START Supplied material
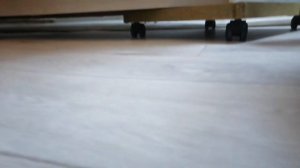 Как стелить линолеум когда мешает шкаф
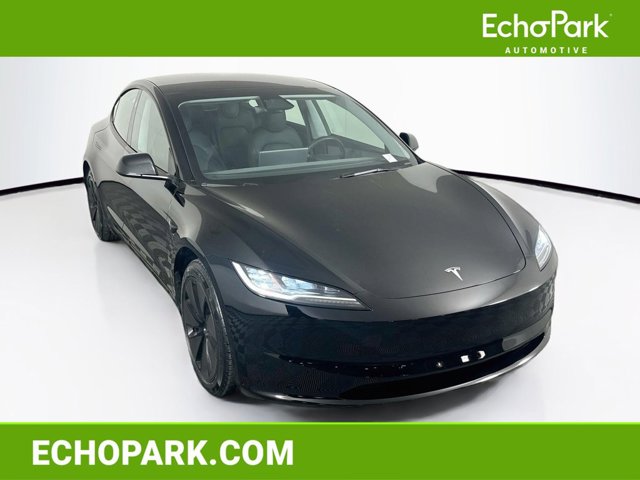 2024 Tesla Model 3 Long Range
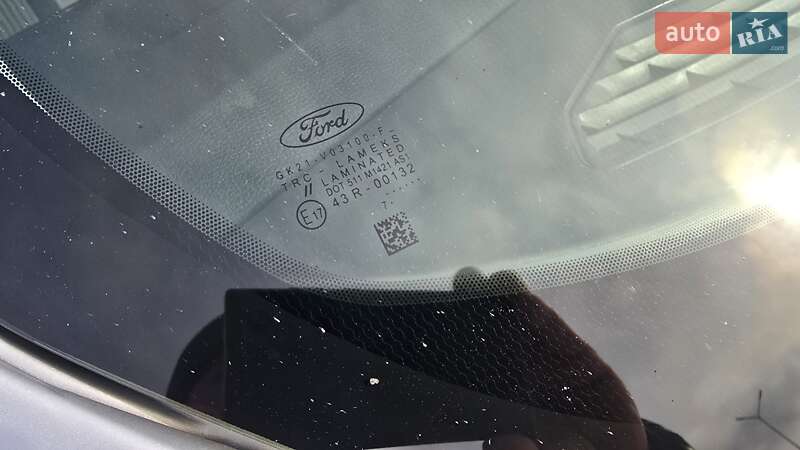 Вантажний фургон Ford Transit Custom 2017 в Дніпрі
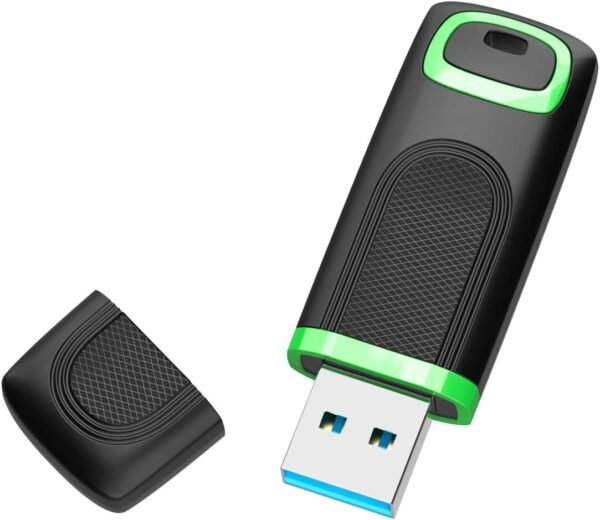 01-379.jpg KEXIN U51 — USB kľúč 256 GB s rozhraním USB 3.0 a LED kontrolkou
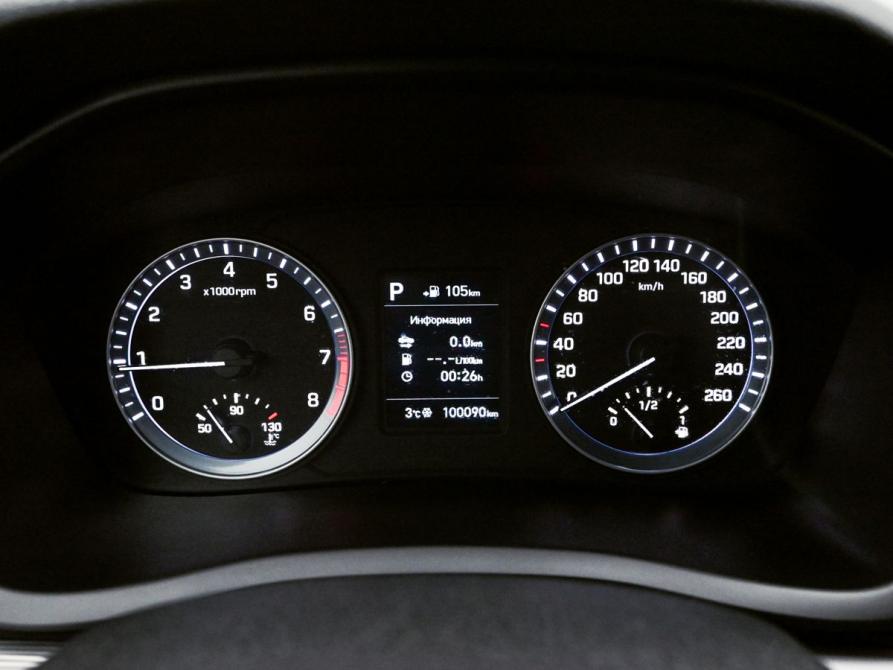 Hyundai Sonata VII (LF) Рестайлинг Екатеринбург  - изображение 12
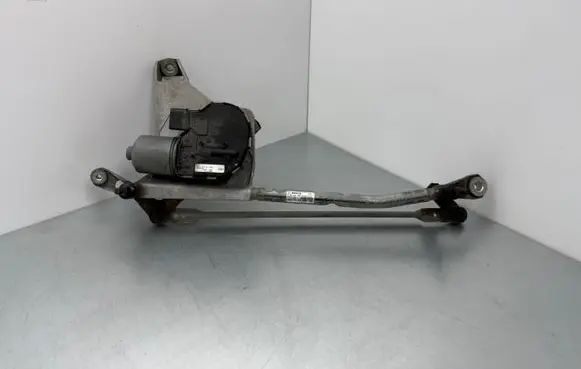Audi Q7 4M Front wiper linkage and motor 4M1955119A 3397021602 4M1955023B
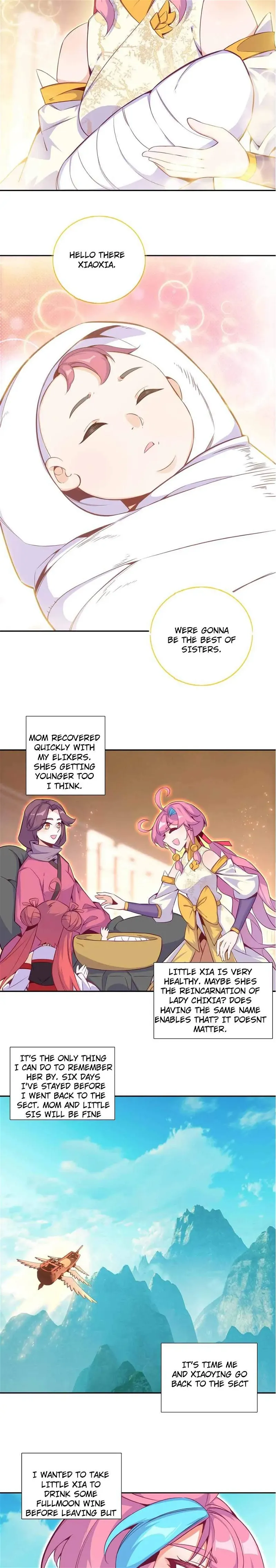 The Emperor Is A Woman Chapter 258 page 6
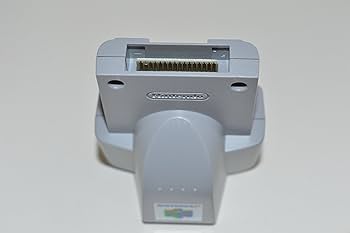 Amazon | 振動パック N64 | 本体・周辺機器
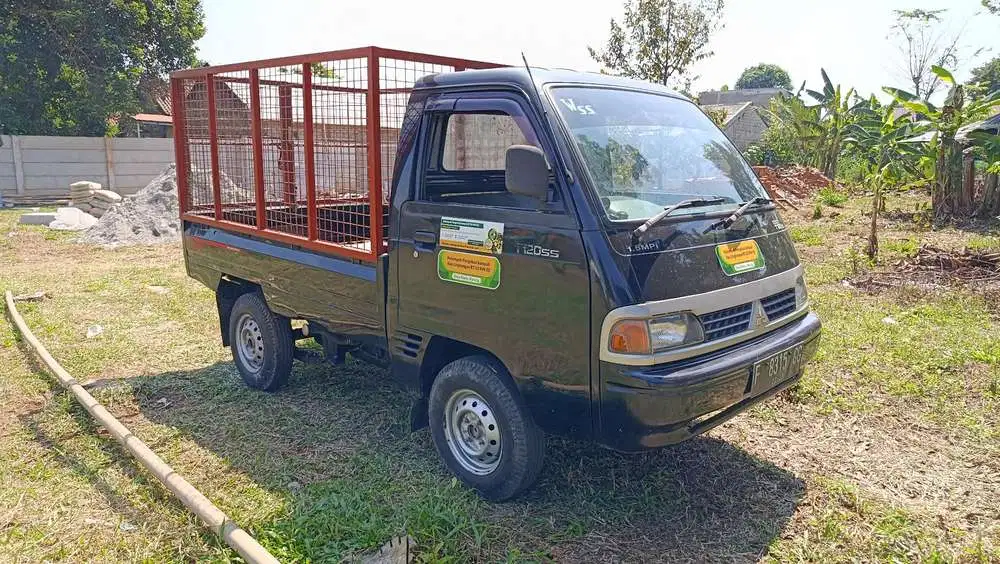Mitsubishi Colt T120SS 2013 Bensin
END Supplied material
** What is required **
The entries above should be reproduced exactly, without their pictures.

** Output of the exercise **
 Как стелить линолеум когда мешает шкаф
 2024 Tesla Model 3 Long Range
 Вантажний фургон Ford Transit Custom 2017 в Дніпрі
 01-379.jpg KEXIN U51 — USB kľúč 256 GB s rozhraním USB 3.0 a LED kontrolkou
 Hyundai Sonata VII (LF) Рестайлинг Екатеринбург  - изображение 12
Audi Q7 4M Front wiper linkage and motor 4M1955119A 3397021602 4M1955023B
 The Emperor Is A Woman Chapter 258 page 6
 Amazon | 振動パック N64 | 本体・周辺機器
Mitsubishi Colt T120SS 2013 Bensin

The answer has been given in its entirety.